I was excited to read a review of The Waves from when it was first published, to get a taste of the responses Woolf herself might have read from contemporaries. While I found this review by Louis Kronenberger to be in many ways insightful and congruent with my own opinions, I also disagreed with his ultimate conclusion. Kronenberger praises Woolf’s imagist poetry, even titling the article “Poetic Brilliance in the New Novel by Mrs. Woolf,” but ends with the claim that the novel is “a very far cry…from greatness.” Despite its unique form, he argues that the novel’s themes are conventional and that “it is simply a marvelous description, it is not quite vision.”

This critique functions on a distinction between form and content, with content being of primary value. However, I do not believe the two are quite as distinct as Kronenberger makes them out to be. Her form is part of the content, communicating an essence, a mood, an emotion, a state of being. Take for instance her description of Rhoda’s terror in the first section of the novel:

“The others look; they look with understanding. Louis writes; Susan writes; Neville writes; Jinny writes; even Bernard has now begun to write. But I cannot write. I see only figures. The others are handing in their answers, one by one. Now it is my turn. But I have no answer. The others are allowed to go. They slam the door.”

The simplicity, the step by step description of this passage, brilliantly captures the slow, steady weight of being trapped in fear, confusion and humiliation in a classroom. It immediately brought me back to my days in kindergarten, left struggling over math problems when the rest of the class had finished and gone to recess.

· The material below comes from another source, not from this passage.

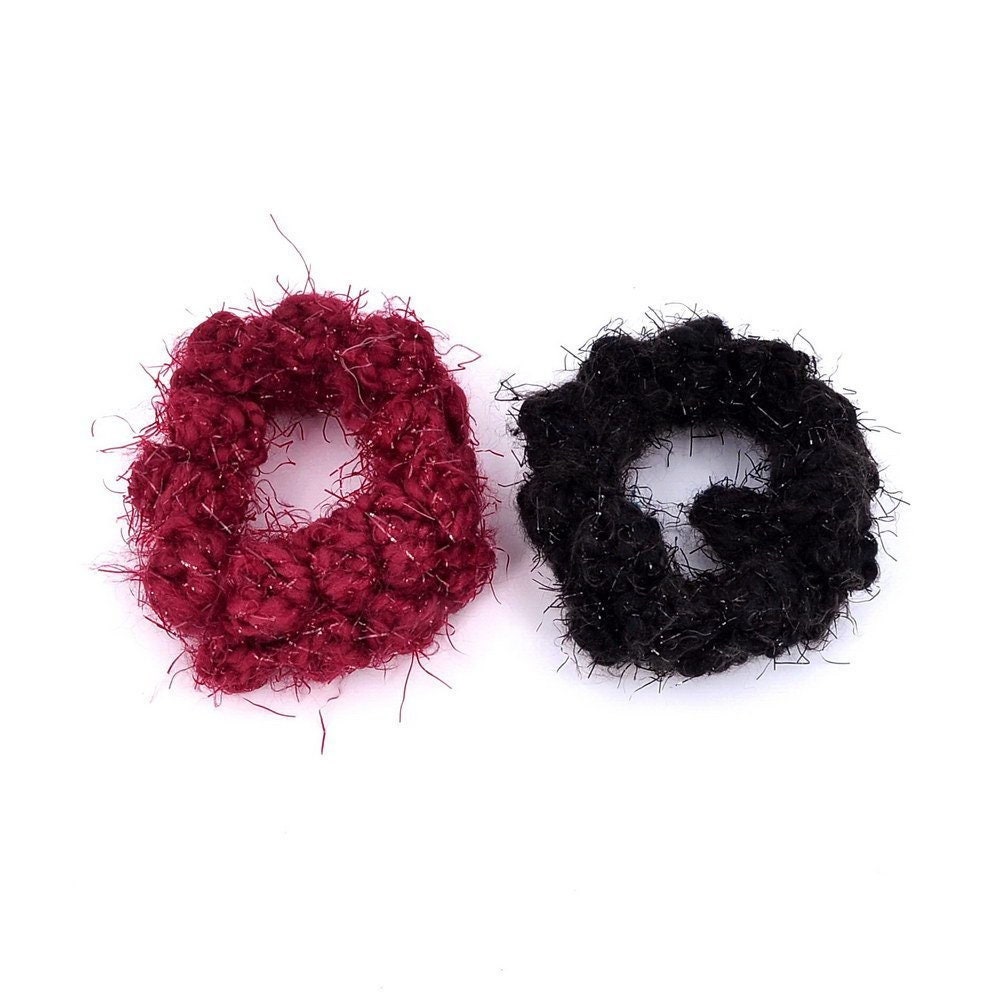 2 Glänzende Haargummis Aus Gehäkeltem Stoff in Rot Und Schwarz von CreativeCornerParis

The ability to perfectly capture such an experience, seemingly mundane though it may be, is to me a feat of greatness.

Kronenberger claims that Woolf “is not really concerned in The Waves with people, she is hardly concerned in the prosaic sense with humanity: she is only concerned with the symbols, the poetic symbols, of life--the changing seasons, day and night, bread and wine, fire and cold, time and space, birth and death and change.”  When I first read this comment, I felt it to be entirely accurate, but upon further reflection I feel that while The Waves is indeed concerned with “the poetic symbols of life,” it is through these symbols that she does capture humanity. He complains that “it is always sensibility [Woolf] has, never passion; we never get, in a mystical flash, the universe.” But of course, in a novel titled The Waves, there is no flash; for Woolf, life is not a flash. We do, however, get a deeply moving and carefully paced portrait of the tides of life, a macro image of the passage of time.